This means that the metabolites do not need to have an id in order to perform
the quantification, as the m/z and retention time will be used as identifiers.
[MarkerView](https://sciex.com/products/software/markerview-software) is an
ABSciex software that supports the files generated by Analyst software
(`.wiff`) used to run our specific mass
spectrometer (ABSciex Triple TOF 5600+).
It also supports `.t2d` files generated by the
Applied Biosystems 4700/4800 MALDI-TOF.
Markview is used to align mass spectrometry data from several
samples for comparison.
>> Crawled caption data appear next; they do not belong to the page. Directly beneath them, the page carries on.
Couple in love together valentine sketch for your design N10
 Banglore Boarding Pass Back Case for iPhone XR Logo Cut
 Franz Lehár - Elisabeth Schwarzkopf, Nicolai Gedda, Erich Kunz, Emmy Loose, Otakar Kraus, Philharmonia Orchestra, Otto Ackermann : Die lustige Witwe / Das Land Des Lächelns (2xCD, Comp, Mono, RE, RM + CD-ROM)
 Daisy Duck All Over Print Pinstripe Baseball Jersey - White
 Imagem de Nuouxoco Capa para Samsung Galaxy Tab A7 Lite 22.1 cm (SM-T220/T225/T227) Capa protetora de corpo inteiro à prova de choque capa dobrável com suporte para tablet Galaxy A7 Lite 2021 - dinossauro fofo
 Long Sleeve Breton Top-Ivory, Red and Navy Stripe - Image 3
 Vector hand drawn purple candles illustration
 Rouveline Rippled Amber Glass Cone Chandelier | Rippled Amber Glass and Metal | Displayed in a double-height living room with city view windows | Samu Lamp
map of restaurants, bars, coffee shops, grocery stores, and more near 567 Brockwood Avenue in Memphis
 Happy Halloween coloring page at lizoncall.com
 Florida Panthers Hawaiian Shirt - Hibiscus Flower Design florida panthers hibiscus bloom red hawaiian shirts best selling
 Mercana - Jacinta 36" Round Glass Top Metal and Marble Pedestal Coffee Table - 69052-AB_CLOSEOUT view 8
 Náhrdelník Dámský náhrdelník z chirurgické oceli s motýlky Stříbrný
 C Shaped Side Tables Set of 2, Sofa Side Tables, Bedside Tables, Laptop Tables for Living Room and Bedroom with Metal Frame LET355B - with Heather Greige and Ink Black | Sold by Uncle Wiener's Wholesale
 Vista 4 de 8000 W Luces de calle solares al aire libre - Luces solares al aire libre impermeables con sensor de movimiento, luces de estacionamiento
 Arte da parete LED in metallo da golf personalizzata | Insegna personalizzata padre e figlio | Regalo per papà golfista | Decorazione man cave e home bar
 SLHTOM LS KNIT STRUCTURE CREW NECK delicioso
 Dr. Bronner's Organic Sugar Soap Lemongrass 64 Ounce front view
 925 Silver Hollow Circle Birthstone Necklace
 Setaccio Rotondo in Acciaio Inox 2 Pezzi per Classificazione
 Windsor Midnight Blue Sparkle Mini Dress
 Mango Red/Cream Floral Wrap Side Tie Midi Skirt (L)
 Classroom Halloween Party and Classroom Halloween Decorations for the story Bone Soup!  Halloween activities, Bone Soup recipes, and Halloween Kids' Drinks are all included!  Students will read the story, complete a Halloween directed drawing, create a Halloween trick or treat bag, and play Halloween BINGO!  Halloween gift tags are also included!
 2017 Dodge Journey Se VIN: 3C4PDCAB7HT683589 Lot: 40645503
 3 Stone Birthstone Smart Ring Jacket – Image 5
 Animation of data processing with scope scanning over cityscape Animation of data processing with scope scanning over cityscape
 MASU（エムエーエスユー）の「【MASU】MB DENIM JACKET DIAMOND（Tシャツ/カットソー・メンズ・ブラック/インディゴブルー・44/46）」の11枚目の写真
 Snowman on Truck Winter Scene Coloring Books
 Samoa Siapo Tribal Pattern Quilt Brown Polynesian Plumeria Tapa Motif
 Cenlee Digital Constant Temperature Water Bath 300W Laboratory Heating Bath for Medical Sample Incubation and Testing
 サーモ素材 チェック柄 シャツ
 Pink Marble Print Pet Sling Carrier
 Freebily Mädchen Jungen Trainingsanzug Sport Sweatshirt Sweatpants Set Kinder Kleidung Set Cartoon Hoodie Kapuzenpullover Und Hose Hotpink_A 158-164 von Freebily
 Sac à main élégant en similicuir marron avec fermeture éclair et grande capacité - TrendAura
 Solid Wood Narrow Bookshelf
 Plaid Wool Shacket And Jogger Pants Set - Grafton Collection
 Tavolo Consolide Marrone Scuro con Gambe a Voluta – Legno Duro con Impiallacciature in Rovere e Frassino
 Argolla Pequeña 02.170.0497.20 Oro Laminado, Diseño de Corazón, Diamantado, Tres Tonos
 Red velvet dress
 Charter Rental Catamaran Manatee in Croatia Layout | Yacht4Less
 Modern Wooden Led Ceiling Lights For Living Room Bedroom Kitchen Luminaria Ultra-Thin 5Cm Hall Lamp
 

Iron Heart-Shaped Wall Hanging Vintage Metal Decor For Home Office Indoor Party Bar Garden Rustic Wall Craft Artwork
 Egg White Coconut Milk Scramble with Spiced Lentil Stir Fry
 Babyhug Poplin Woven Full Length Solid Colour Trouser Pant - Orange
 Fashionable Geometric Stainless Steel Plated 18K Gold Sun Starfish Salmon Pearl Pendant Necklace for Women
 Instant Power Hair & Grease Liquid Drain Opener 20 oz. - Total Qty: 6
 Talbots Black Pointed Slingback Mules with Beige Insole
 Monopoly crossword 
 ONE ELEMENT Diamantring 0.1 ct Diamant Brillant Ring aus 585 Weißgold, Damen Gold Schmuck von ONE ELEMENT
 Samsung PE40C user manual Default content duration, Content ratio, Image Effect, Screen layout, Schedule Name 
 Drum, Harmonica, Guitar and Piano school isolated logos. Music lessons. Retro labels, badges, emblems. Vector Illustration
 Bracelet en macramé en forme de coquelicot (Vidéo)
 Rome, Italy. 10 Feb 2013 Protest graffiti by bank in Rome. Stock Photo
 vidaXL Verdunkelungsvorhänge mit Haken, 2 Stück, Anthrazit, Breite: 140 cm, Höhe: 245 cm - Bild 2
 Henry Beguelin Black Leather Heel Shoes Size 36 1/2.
Using the import feature in the software, `.wiff` files
(also `.t2d` MALDI-TOF files and tab-delimited `.txt` mass spectra data
in mass-intensity format) are loaded for retention time alignment.
Once the data files are selected, a series of windows will appear wherein
peak finding, alignment, and filtering options can be entered and selected.
These options include minimum spectral peak width, minimum retention time
peak width, retention time and mass tolerance, and the ability to filter
out peaks that do not appear in more than a user selected number of samples.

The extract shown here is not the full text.